I still wanted to find a way to get more even impact with this vulnerability. So one last thing I wanted to try before reporting my findings, is to check if except for read permissions to the docker registry, I also have write permissions. The meaning of pushing to a docker registry is that someone or something should pull my docker image and use it in order to affect the target. Docker registries tend to be a part of the CI/CD pipeline or part of the development process. At this point I still can’t tell what are the use cases of this registry, but I can assume three main use cases:

The application is based on a docker container so chances are that it managed by an orchestration utility like Kubernetes. It means that if I’ll push a new docker image to the registry with a “latest” tag, I may override the original docker image and replace it with my image that is replicated and contain a webshell.The software engineers working on the backend use this docker registry in their development process, so at some point if I’ll replace the original docker image with my image with a “latest” tag, they might download my replicated image that could contain a script from me.The least fun case, but still possible — this registry is just a backup registry and it gets only push requests, but never gets pull of the docker images. In this case, overriding current images would have no special effect on the target.

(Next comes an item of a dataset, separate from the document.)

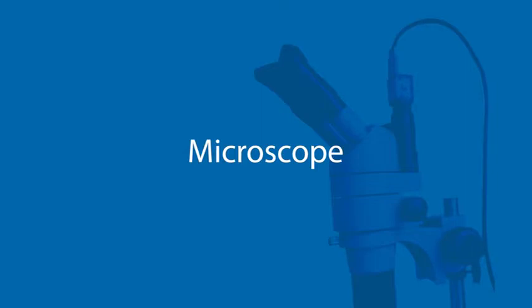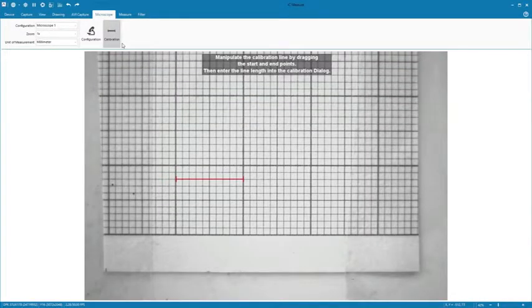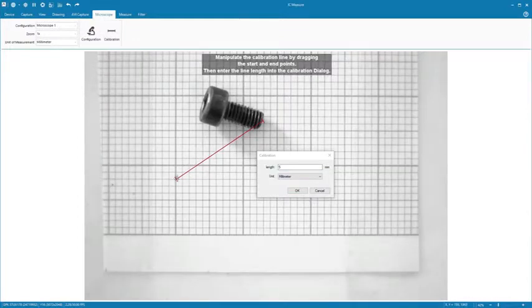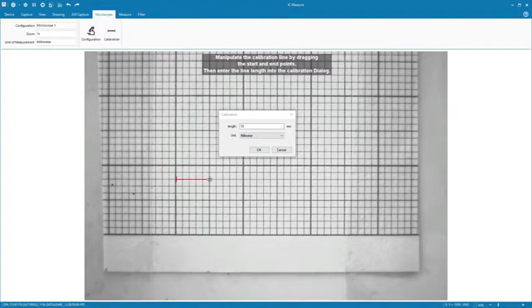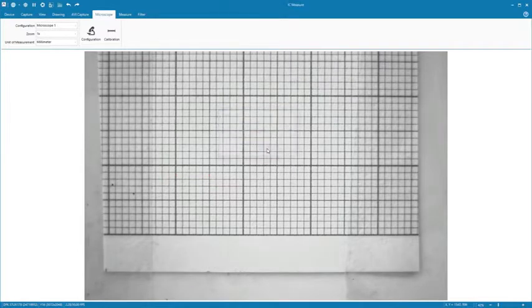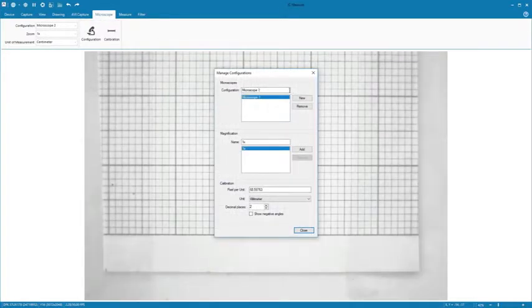Under Microscope, before length and area measurements can be made, you must first calibrate the microscope. A stage micrometer or other object of known length can be used as a reference. Use the mouse to adjust the reference line as appropriate to specify a unit of measurement. You can also define and save multiple microscopes in calibration settings.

Anyway, I read again the rules of engagement and it says that any action that might harm or interrupt the company’s infrastructure in the production is completely out of scope (understandable). Hence, I decided to have a much more humble PoC and just validating that I have push permissions to the registry. So I took from DockerHub the latest image of NodeJS and pushed it to the target’s registry. As expected, it worked!

A full report was sent to the company and after more some explanations about the impact, they understood that it’s not only information disclosure vulnerability, it easily could be also a severe RCE vulnerability that could affect many different points of the company’s infrastructure.